US Supreme Court: Statement of the Legal Theory Supporting a Claim Is Not Required in a Pleading
The US Supreme Court recently emphasized that pleadings under the Federal Rules of Civil Procedure do not require a statement of the legal theory supporting the claim. In Johnson v. City of Shelby, 135 S. Ct. 346 (U.S. 2014), the plaintiffs were former police officers of the City of Shelby, Mississippi, who filed suit against the city claiming they were unlawfully fired because they uncovered criminal activity by a city Alderman. The District Court granted summary judgment against the plaintiffs, ruling their Complaint failed to cite the applicable statute for their cause of action, 42 U.S.C. § 1983. The Fifth Circuit affirmed, holding the invocation of § 1983 in the Complaint was “not a mere pleading formality,” but a notice requirement as “[c]ertain consequences flow from claims under § 1983.” 743 F. 2d 59, 62 (5th Cir. 2013).

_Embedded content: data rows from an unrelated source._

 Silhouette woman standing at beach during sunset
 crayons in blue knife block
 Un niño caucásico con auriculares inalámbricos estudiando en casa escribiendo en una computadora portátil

The Supreme Court reversed, holding the Complaint’s failure to invoke § 1983 did not warrant dismissal. The Court emphasized that Rule 8(a)(2) of the Federal Rules of Civil Procedure requires only a “short and plain statement for the claim showing that the pleader is entitled to relief.” Johnson, 135 S. Ct. at 346 (citing Fed. R. Civ. P. 8(a)(2)). The Court noted that its decisions in Bell Atlantic Corp. v. Twombly, 127 S. Ct. 1955 (2007) and Ashcroft v. Iqbal, 129 S. Ct. 1937 (2009) were not applicable “for they concern the factual allegations a complaint must contain to survive a motion to dismiss.” Id. at 347 (emphasis in original). It found the plaintiffs’ Complaint was not factually deficient because it stated, “simply, concisely, and directly events that, they alleged, entitled them to damages from the city.” Id. The Court held the Rules “do not countenance dismissal of a complaint for imperfect statement the legal theory supporting the claim asserted.” Id. at 346. As such, “Having informed the city of the factual basis for their complaint, [plaintiffs] were required to do no more to stave off threshold dismissal for want of an adequate statement of their claim.” Id.